Veröffentlichungsdatum: 05.10.1999

 

Rating: 7.5 / 10

von Kristoffer Leitgeb, 26.07.2019


Überzeugend ausgefallene Instrumentenwahl, aber mit Schwächen im Abschluss.

 

Beinahe komplett losgelöst von der Frage, ob man den Film nun in das Pantheon cineastischer Großartigkeit aufnehmen will, kann man zu dem Urteil kommen, dass "American Beauty" auf seine ganz eigene Art schräg ist. Es ist ein merkwürdiges Maß an Überzeichnung und bissigem Sarkasmus, das die potenziell relativ dramatische Geschichte rund um Familie Burnham und deren nicht überstandener Zerreißprobe inmitten mehrerer Mid-Life-Crises und pubertärer Isolation ausmacht. Natürlich lange nicht so absurd wie ein Film von Monty Python und trotz teilweise ähnlicher Themen auch nicht annähernd so der Wirklichkeit entrückt wie zum Beispiel "Edward Scissorhands", aber eben doch in jeder Minute sehr...eigen.
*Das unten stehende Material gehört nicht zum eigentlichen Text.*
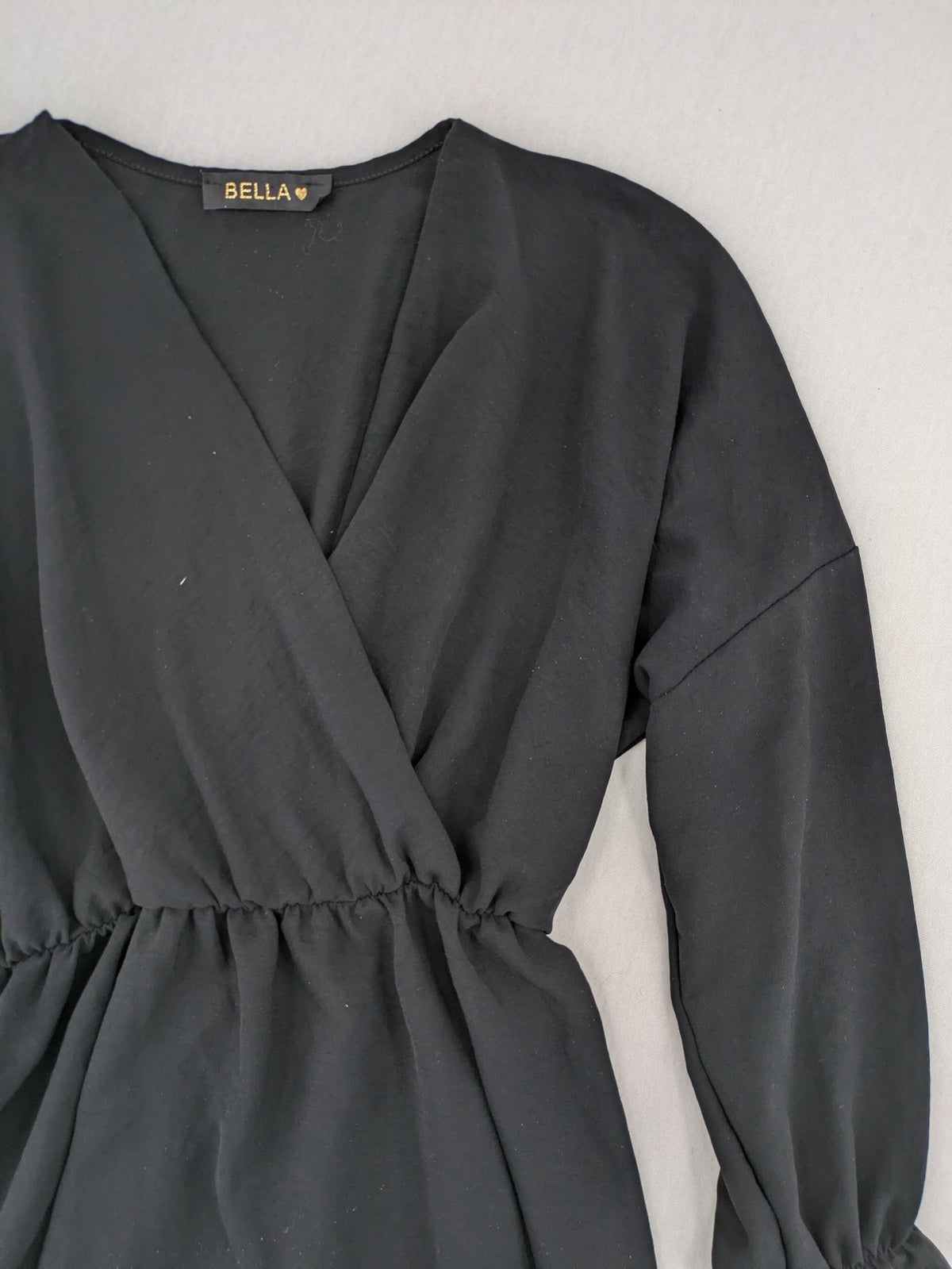 Bella black wrap blouse with deep V-neck and ruffled long sleeves.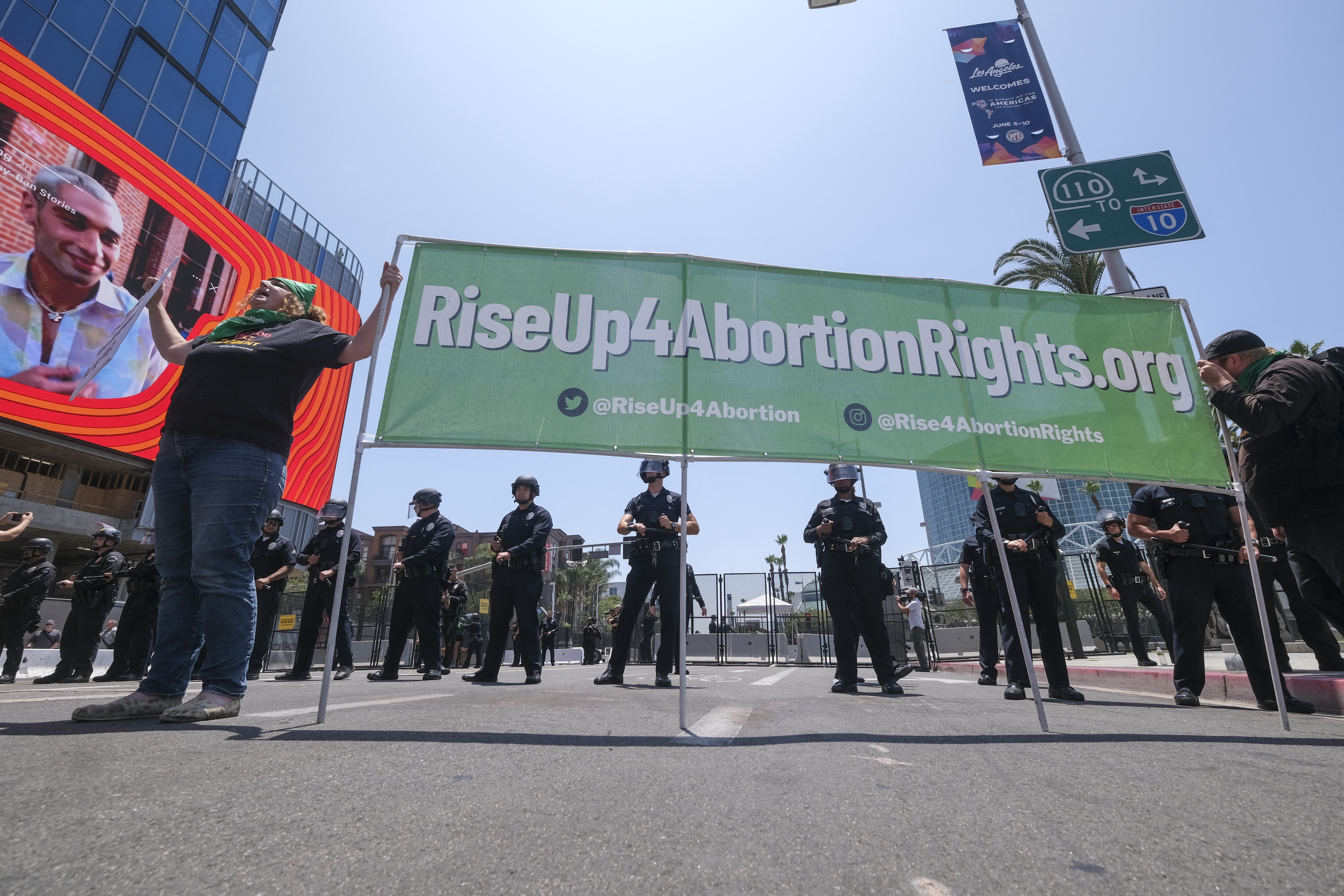 An abortion rights protester stands by a banner as police officers clear the street during a protest outside the Convention Center where the 9th Summit of the Americas takes place in Los Angeles, Calif., June 9, 2022.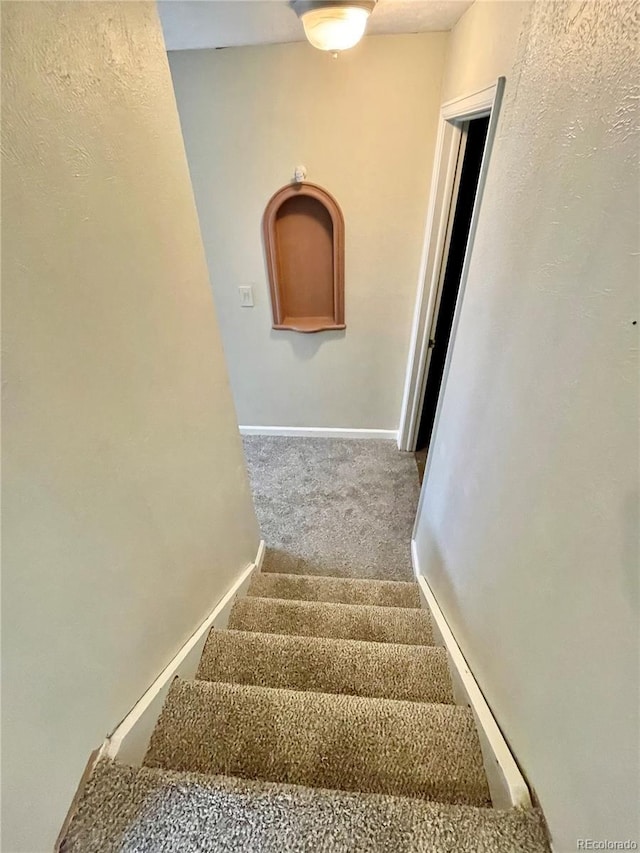 7240 W Yale Ave, Denver, CO 80227 - stairs featuring carpet floors and baseboards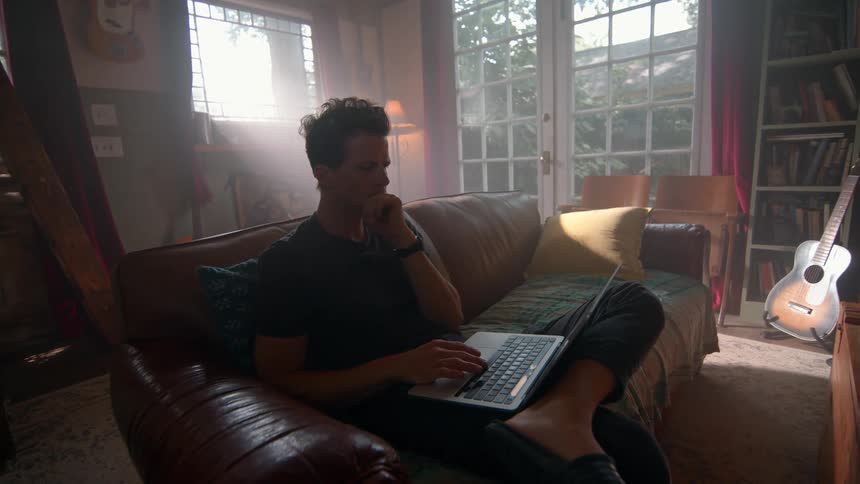 A person sits comfortably on a brown leather sofa engrossed in a laptop the room is softly lit by natural light streaming through large windows creating a peaceful atmosphere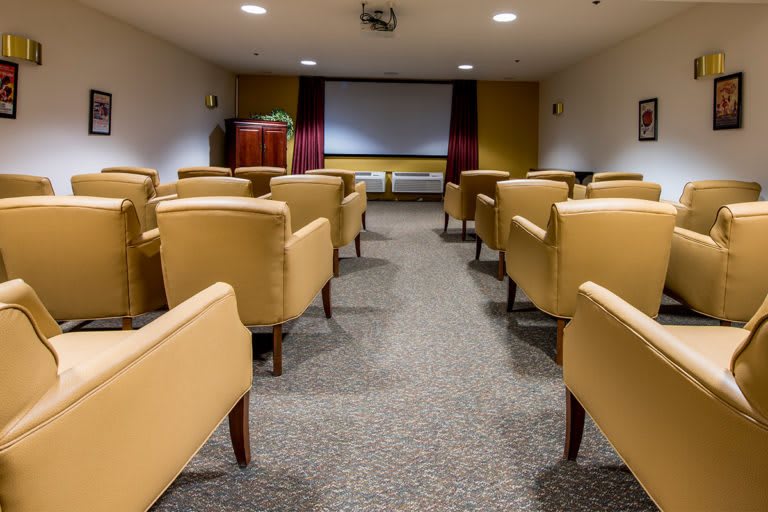 A cozy indoor movie theater with comfortable seating and a large projector screen.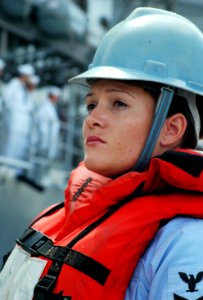 US Navy 070504-N-0879R-004 Quartermaster 2nd Class Lisa Kaeser, assigned to guided missile destroyer USS Hopper (DDG 70), stands by to release a mooring line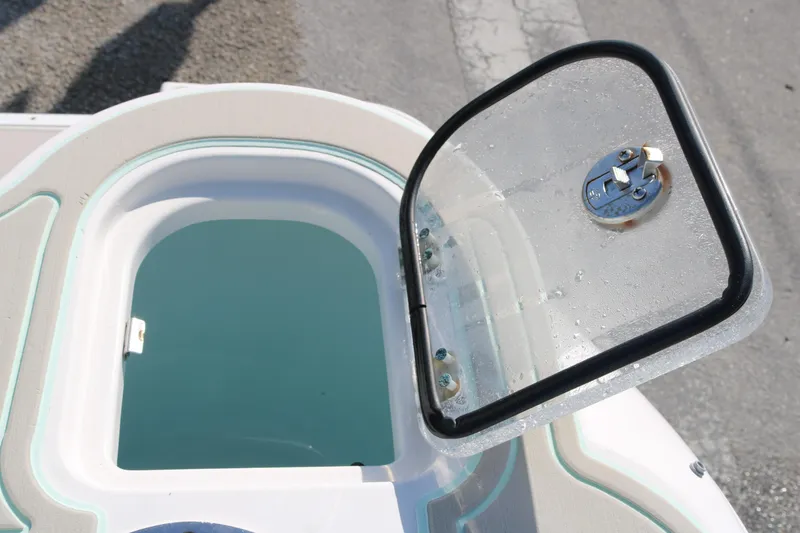 Slide: The Image of 2019 Robalo R247 Dual Console livewell with open lid, showcasing interior details. - 15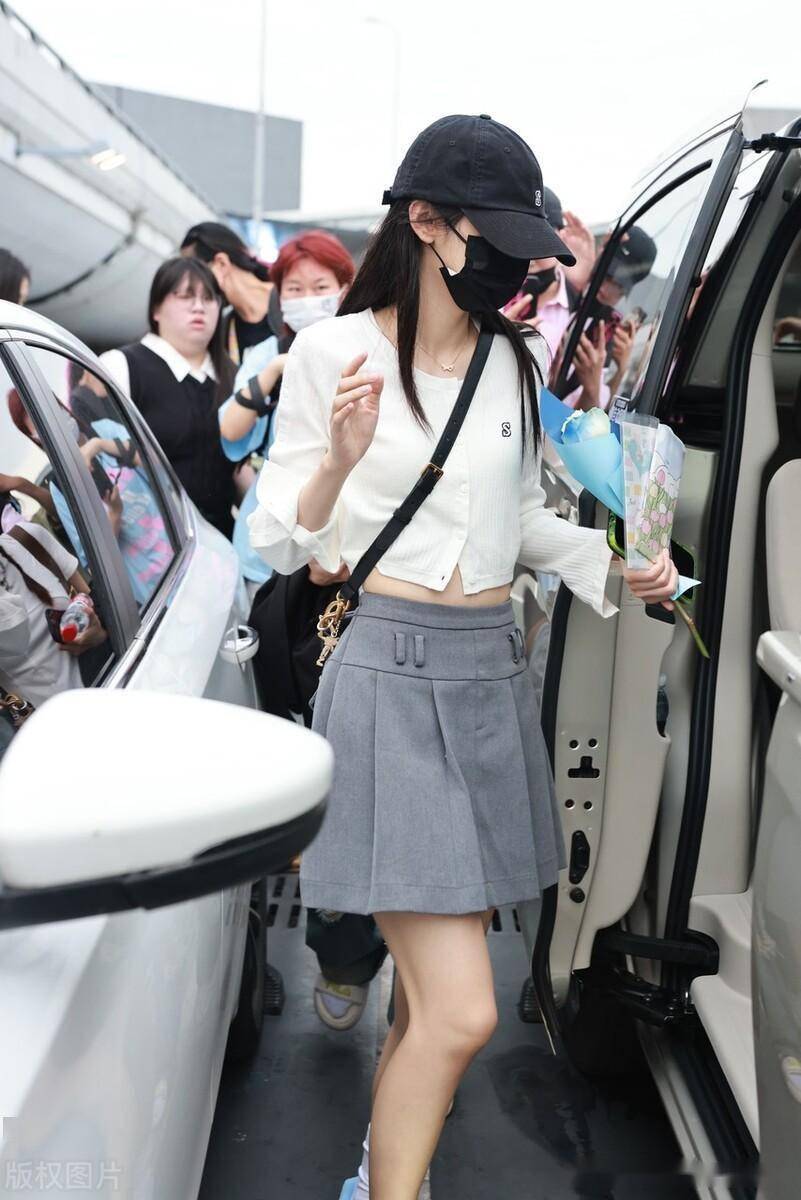 周也落地上海虹桥机场,无领针织衫搭配a子裙时尚洒脱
Das ist allerdings auch zu erwarten, wenn das offensichtliche Ziel die Überzeichnung buchstäblich jeder einzelnen Figur innerhalb dieser oberflächlich so wunderbar normalen und geordneten Vorstadtwelt ist. Da werden dann schon einmal fliegende Plastiksackerl gefilmt - übrigens aufgrund einschlägiger Produktverbote zumindest in Europa ein Ding der Vergangenheit - oder der Jobwechsel hin zum Fast-Food-Mitarbeiter lässt eine Affäre am Drive In auffliegen. Im Lichte all dessen hätte Thomas Newman die Möglichkeit gehabt, sich an dieser Absurdität zu beteiligen. Was er dagegen bietet, ist klangliche Zurückhaltung mit dem nötigen eigenwilligen Fundament.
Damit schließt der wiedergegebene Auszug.